Instructional sensitivity refers to the ability of tests to detect instructional efforts. For school accountability to work, it is vital that tests reflect instructional efforts instead of student aptitude or other non-school factors that affect achievement.  However, most state assessment and accountability systems do not evaluate the ability of tests to capture instructional efforts. This study examined the instructional sensitivity of one state test by collecting detailed information about the way that teachers operationalized state standards, rating teachers according to their alignment to and emphasis on tested topics, and using this information to predict student performance using multilevel models.

Teaching to the Test Under Standards-based Reform 

Although teaching to the test is a ubiquitous term, there is no commonly-adopted definition of what constitutes teaching to the test in a standards-based environment, nor is there a commonly accepted list of appropriate and inappropriate test preparation practices. This study proposes both a definition and a list and reviews a group of third and fifth grade teachers’ stated practices, and uses multilevel modeling to determine whether teaching to the test affects test performance after controlling for prior performance.

Validation of Standards-based Report Cards

Many school districts require that teachers complete report cards using the same performance level categories as reported on the state test instead of assigning letter grade in an attempt to increase teacher focus on state standards and to improve the quality of information provided to parents on report cards. This study compares report card grades and test scores to determine their level of concurrence. Teachers’ explanations of their grading methods are used to determine whether the use of reliable grading methods results in greater consistency with state test scores. Finally, the study examines the contribution of teacher, student, and content area to inconsistencies between grades and report cards.

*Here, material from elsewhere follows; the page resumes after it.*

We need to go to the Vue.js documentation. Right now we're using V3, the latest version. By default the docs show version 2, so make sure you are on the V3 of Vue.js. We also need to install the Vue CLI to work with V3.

CSDE/UConn Measurement, Evaluation, and Assessment Partnership 

The Connecticut State Department of Education (CSDE)/UConn partnership was established in 2003. The purpose of the partnership is to provide additional technical resources to the CSDE student assessment office to develop, administer, and report results from statewide measures of student achievement. Support services are provided for the main assessment program, which includes the Connecticut Mastery Test (CMT) and the Connecticut Academic Performance Test (CAPT), as well as for smaller scale assessment initiatives such as the CMT/CAPT Skills Checklist, the modified assessment program, the kindergarten inventories, and formative assessment programs. Examples of services provided include: (1) independent analysis of testing data to confirm analyses performed by the CSDE and/or its contractors to ensure data accuracy and program quality, as well as to resolve technical issues; (2) item review and test form review for developing instrumentation; (3) research to monitor the effectiveness of the student assessment programs; (4) research on current assessment issues such as the Core Content Standards, growth modeling, closing the achievement gap, the use of technology to enhance student learning, and teacher quality.

Project VIABLE-II: Unified validation of Direct Behavior Rating (DBR)

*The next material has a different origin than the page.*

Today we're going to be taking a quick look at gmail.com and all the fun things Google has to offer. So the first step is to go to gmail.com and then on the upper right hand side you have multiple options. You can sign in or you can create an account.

This project involves validating an 11-point behavior rating scale that teachers complete at the end of instructional periods using teacher ratings of approximately 2000 students in grades 1-2, 4-5, and 7-8 across three states.  Teachers complete three separate behavioral measures for each student, reflecting on their behavior over the course of a week, in the Fall, Winter and Spring of four school years. Analyses include setting cut scores using ROC analyses, analysis of  multitrait-multimethod matrices, and examining the predictive validity of the measures in determining behavioral risk in later school years. In addition, we will use verbal protocol analyses to determine what information teachers consider in rating students and will examine the efficiency and usability of the instrument based on survey data.